Items from a data source

+++

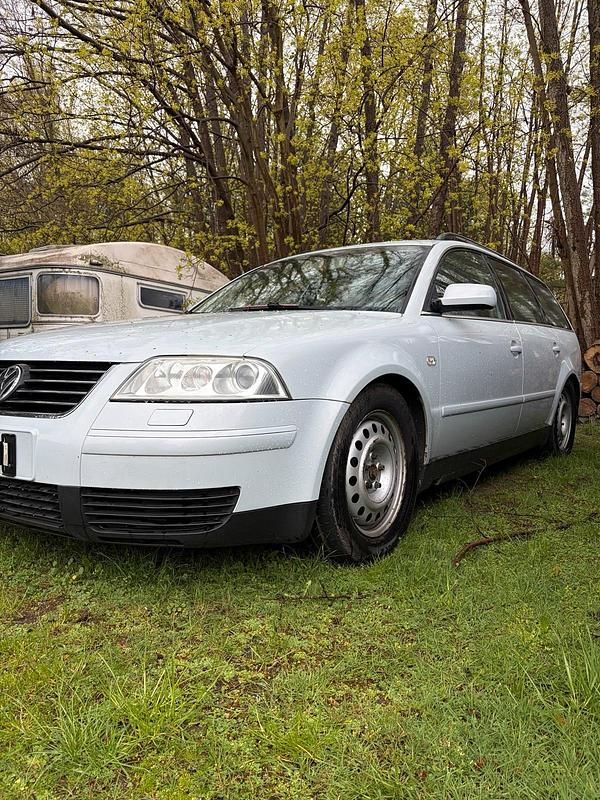 Second-hand VW Passat 190 CP (139 kW) 2002 Argintiu Break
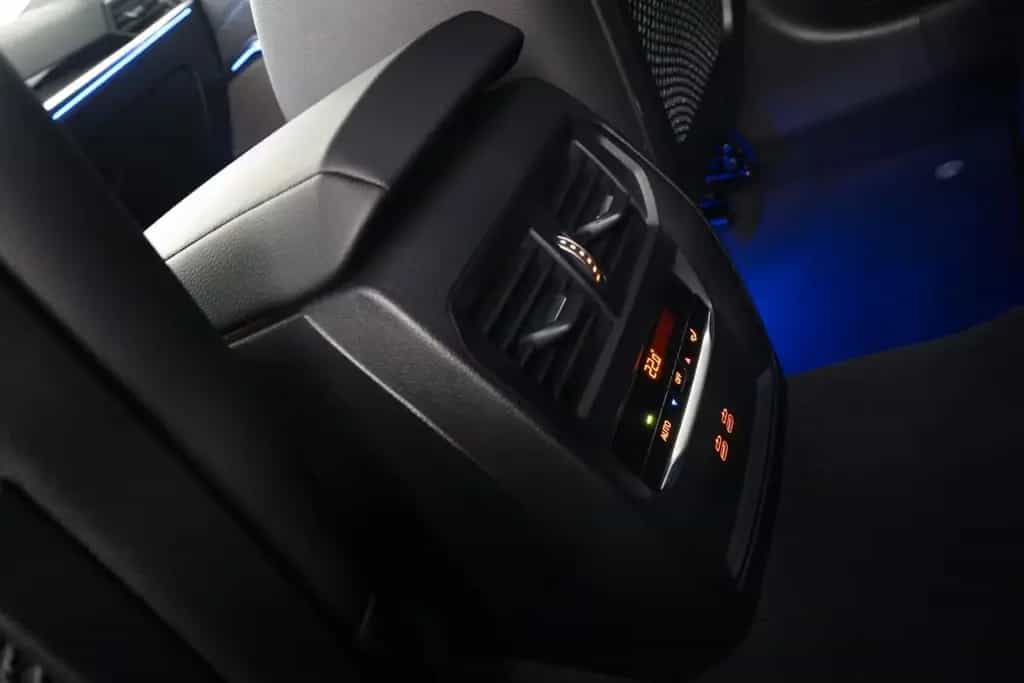 ALPINA B3 Touring Allrad HUD H&K 360° LASER 20" 09/2021-photo-25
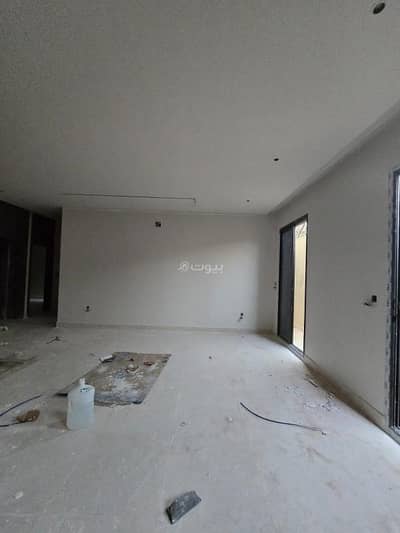 فیلا 3 غرف نوم للبيع في شرق الرياض، الرياض - للبيع فيلا في حي الروضه مساحه ٢٥٢ درج صاله مع شقه مدخل خاص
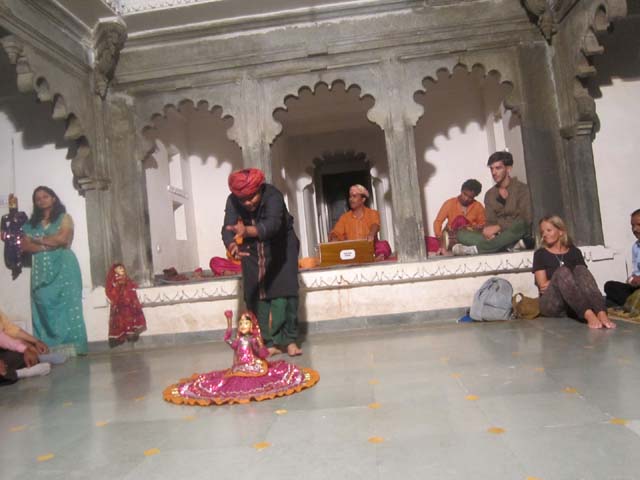 बागोर की हवेली में कठपुतली का खेल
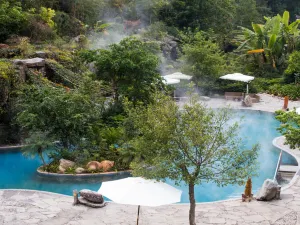 Meinvchi Hot Spring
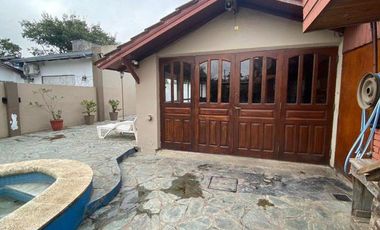 Chalet 4 ambientes con pileta y quincho en Barrio Lopez de Gomara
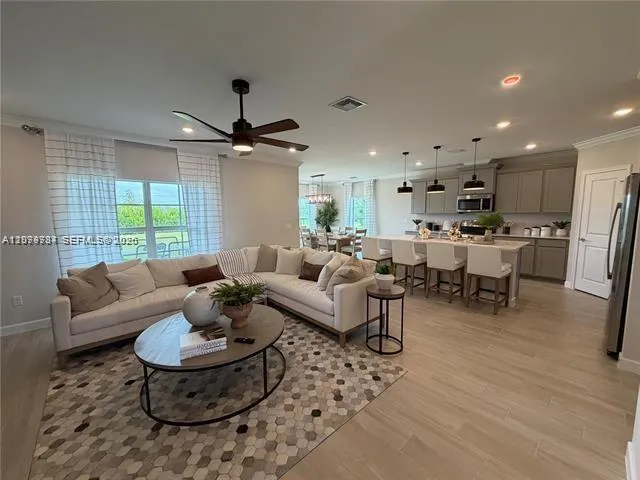 19861 Whispering Creek Rd #225 Loxahatchee, FL 33470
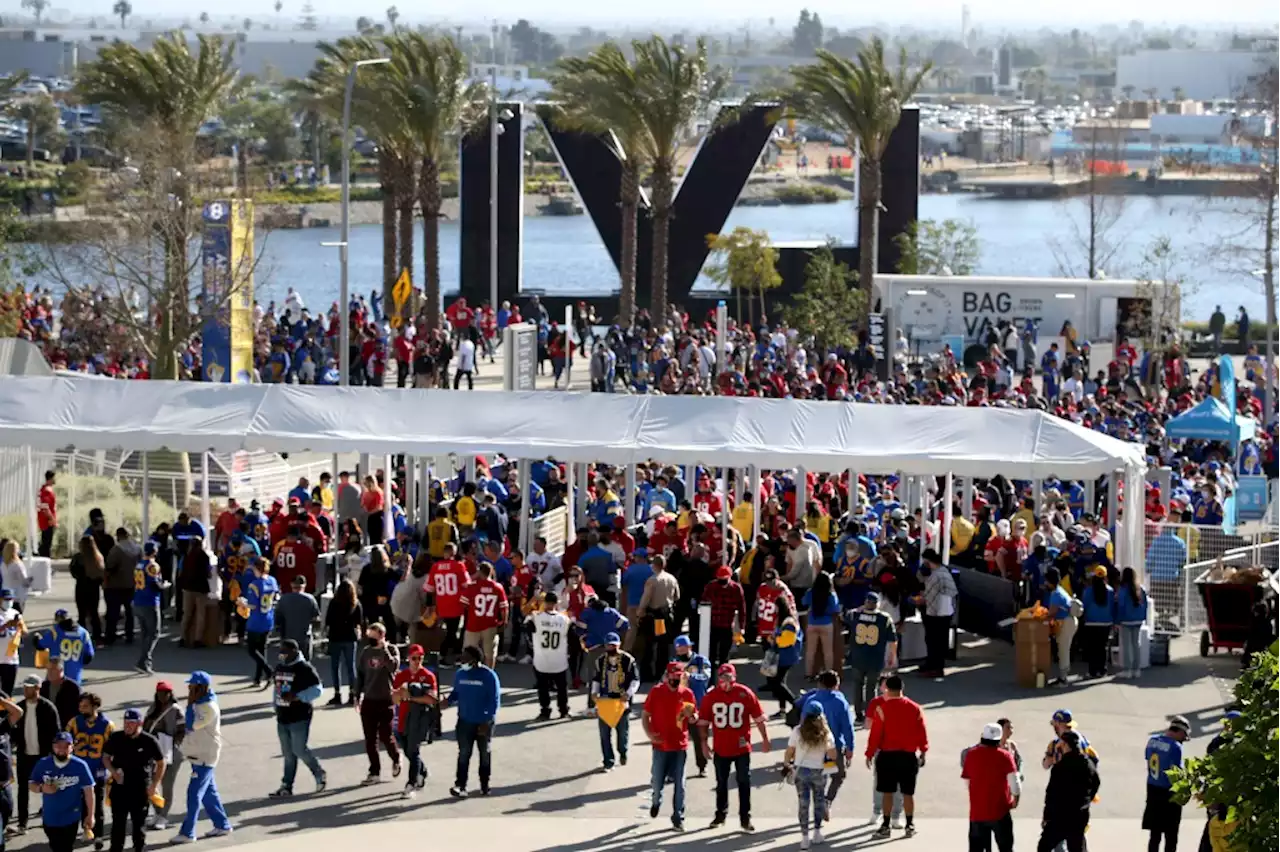 Report: 49ers fan beaten outside SoFi Stadium during NFC Championship Game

+++

▶ _What the exercise asks_: The lines to copy begin at the one containing "Meinvchi Hot Spring" and end at the last line of the records. Set down exactly those lines and no others, both ends included, and omit all pictures.

▶ _Solved exercise_:
 Meinvchi Hot Spring
 Chalet 4 ambientes con pileta y quincho en Barrio Lopez de Gomara
 19861 Whispering Creek Rd #225 Loxahatchee, FL 33470
 Report: 49ers fan beaten outside SoFi Stadium during NFC Championship Game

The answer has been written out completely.